Joseph J Ricotta1, Nikolaos Tsilimparis.   

Abstract

INTRODUCTION: Fenestrated-branched stent grafts have been developed as a minimally invasive, endovascular alternative for the treatment of complex aortic aneurysms in high-risk patients. However, the manufacture of these devices can take as long as 6 to 12 weeks, and therefore, they cannot be used to treat aortic emergencies. We reviewed our experience with surgeon-modified, fenestrated-branched stent grafts (sm-FBSGs) in high-risk patients who presented as emergencies with ruptured or symptomatic complex aortic aneurysms.
METHODS: All patients treated with sm-FBSGs at our institution were retrospectively reviewed. Patients presenting with acute symptoms or an emergency indication for repair were analyzed.
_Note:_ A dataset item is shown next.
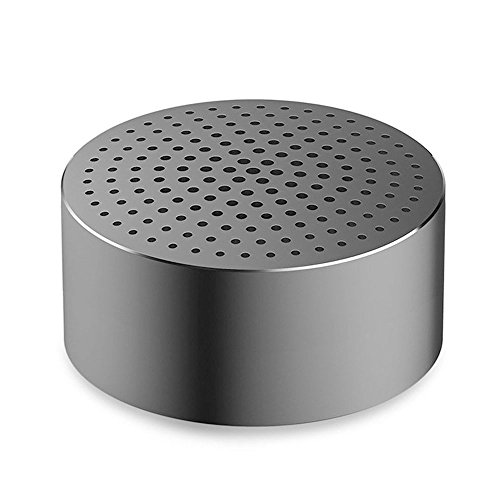 Xiaomi Mi Bluetooth Speaker Stereo Portable Wireless Speakers Mini Mp3 Player Music Loudspeaker Hands-free ( Gray)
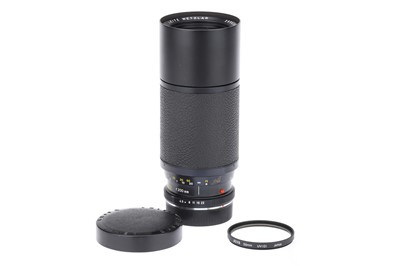 Lot 82 - A Leitz Vario-Elmar-R f/4.5 75-200mm Lens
RESULTS: Twelve high-risk patients (nine men), of which seven were at American Society of Anesthesiologists class 4 and five were at class 3, presented with seven symptomatic and five ruptured aortic aneurysms. Mean age was 71 years (range, 52-86 years), and mean maximal aneurysm size was 8.1 cm (range, 5-12 cm). Six patients (50%) had prior aortic surgery or a hostile abdomen. Relevant comorbidities included coronary disease in all 12 patients, and seven (58%) had an ejection fraction≤35%. Nine patients (75%) had severe pulmonary dysfunction. Four aneurysms were pararenal, and eight were thoracoabdominal (two type II, three type III, and three type IV). An average of three visceral vessels (range, 2-4) were treated per patient, with 35 branches targeted. Endografts were successfully implanted in all patients. There was no paraplegia or intraoperative death. One patient (8.3%) died of subarachnoid hemorrhage≤30 days. Reintervention was necessary in two patients, for a type 3 endoleak and for evacuation of a retroperitoneal hematoma. Morbidity included one myocardial infarction, and two patients each with transient respiratory failure and transient renal insufficiency not requiring dialysis. Mean postoperative length of stay was 4 days in the intensive care unit and 8 days in the hospital. At a mean follow-up of 9 months (range, 3-18 months), two patients died of non-aneurysm-related causes. Branch vessel patency was 100%. No late reinterventions were necessary. No type I or III endoleaks occurred. One type II endoleak is under observation.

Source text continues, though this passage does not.